Me and my best mate Ali had come down to Nice after the 1989 bicentennial celebrations in Paris. We checked out Jean-Paul Goude‘s parade and then jumped on the overnight train to Nice. The previous day, Ali‘s credit card had been swallowed up in a cash machine and so we were well under manners and a tight budget, until his girlfriend could make it down to Nice and sort us out with some more cash. On the train down I hooked up with a Black French guy going south into the army who sold me a chunk of the massive bit of hash he was holding. We smoked all night in the corridor, and I was completely baked by the time Ali dragged me off at Nice station. I promptly fell asleep on the beach that day and almost got sunstroke. We then checked into the temporary youth hostel (a fire station) that opened each summer, and lived out a meager, but chilled, existence, trying to make the money I had last. We thought about buying and selling soft drinks on the beach (‘BOISSON FRAIS!’) but the competition from the Moroccans was a bit fierce, we figured they would cut us up as soon as look at us after finding out we were trying to jump their game. After tanning all day listening to a Balearic beat tape (Sunrise FM and Centerforce) on my bright yellow Walkman, we‘d go back to the youth hostel and shower. I‘d wrap up a joint and then we‘d go back to the beach to eat the other half of our daily food ration and watch the night descend, stoned to the bone.
To pass the time, we‘d throw stones at floating Evian bottles, just for the thrill of hearing the crack of stone on plastic, and after a while the sea would merge with the sky and I‘d have to look away. This was where I came in. Began. This was year dot, back when things were simple. The airport lay across the bay and planes kept dropping in overhead, almost swooping into the sea, coming in so low I could read the safety shit written underneath on the fuselage as they bombed past bringing in the Cote D’Azure faithful. This was how we spent the summer. It didn’t matter that at the end we would go our separate ways – Ali to Manchester and me to St. Martins. All that mattered was that precise moment: the silence was comfortable and the laughter real. This was about friendship, we gave a shit about each other and that was it.
I’m still down with Ali – my brother from another mother.
At the beginning of the noughties, when my Ad ‘career’ was having a bit of a hiatus, before the books the films the TV etc etc, there was a project that I edited for a couple of years called 100proofTRUTH. It was a free PDF (is there any other kind?) that was a collection of global street culture.

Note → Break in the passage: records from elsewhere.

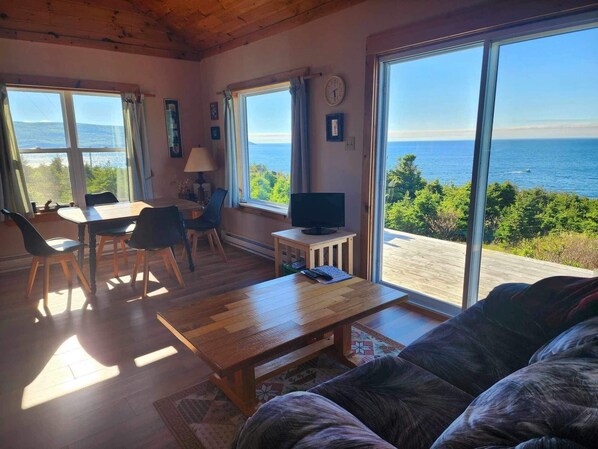 Smart TV, DVD player, ping pong, books - Cape Breton Cottage, Off the Beaten Path... Spectacular Ocean and Mt. Views! (Victoria, Subd. A)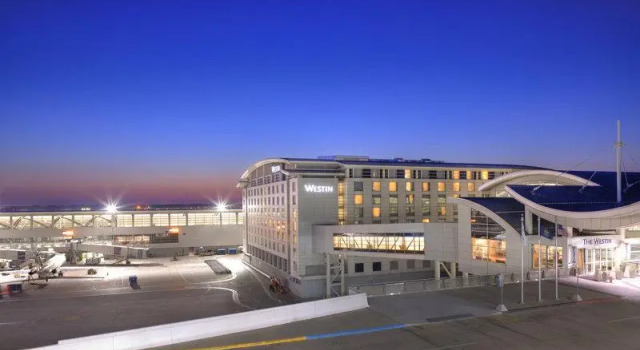 Двухместный номер Standard The Westin Detroit Metropolitan Airport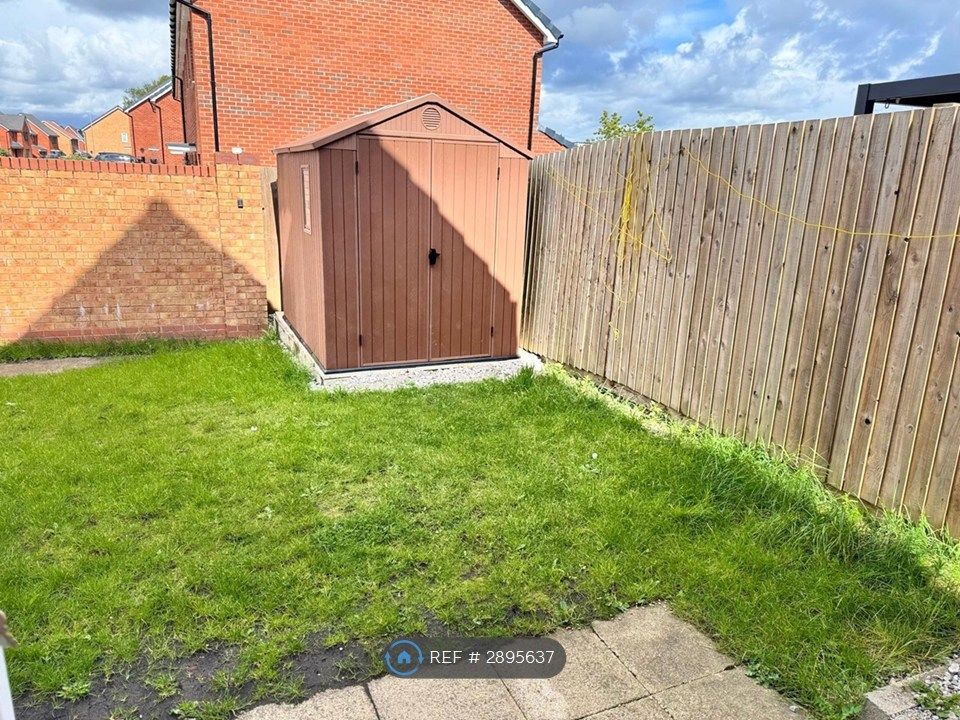 Property photo 3 of 19 Back Garden &amp; Shed For Outdoor Storage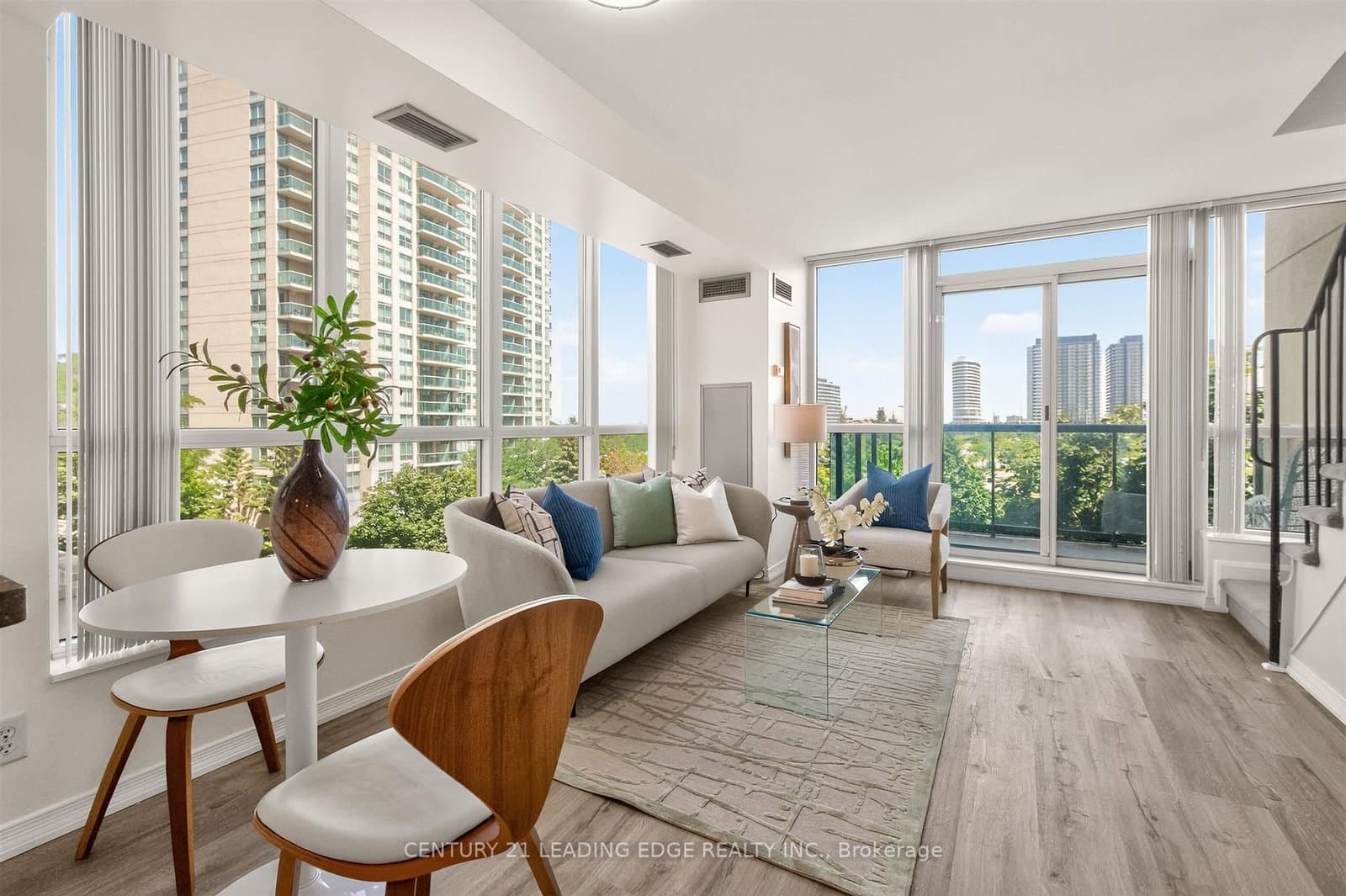 #403 - 2585 Erin Centre Boulevard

There was no brief, just to get fresh-as-fuck shit out there for everyone to see. In it’s heyday each issue got 10,000 downloads, thanks to sites like Wooster Collective, NotCot, and BigShinyThing kindly hyping the shit out of it. This was what helped Thames&Hudson commission me to write books for them.
Someone recently made a film about what I was up to, and it was during the shooting I mentioned 100proofTRUTH. No-one had heard of it as they were all about 20. This got me to thinking about getting a little reminder out there. The journey is as important as the story. Often in my work they are one and the same. It’s not about where you’re going, it’s more about getting there. Every step is vital to the bigger picture and when I look back at 100proofTRUTH I can see the seeds of other projects like The Urban Cookbook or Street Knowledge, bubbling away waiting to spring out into reality.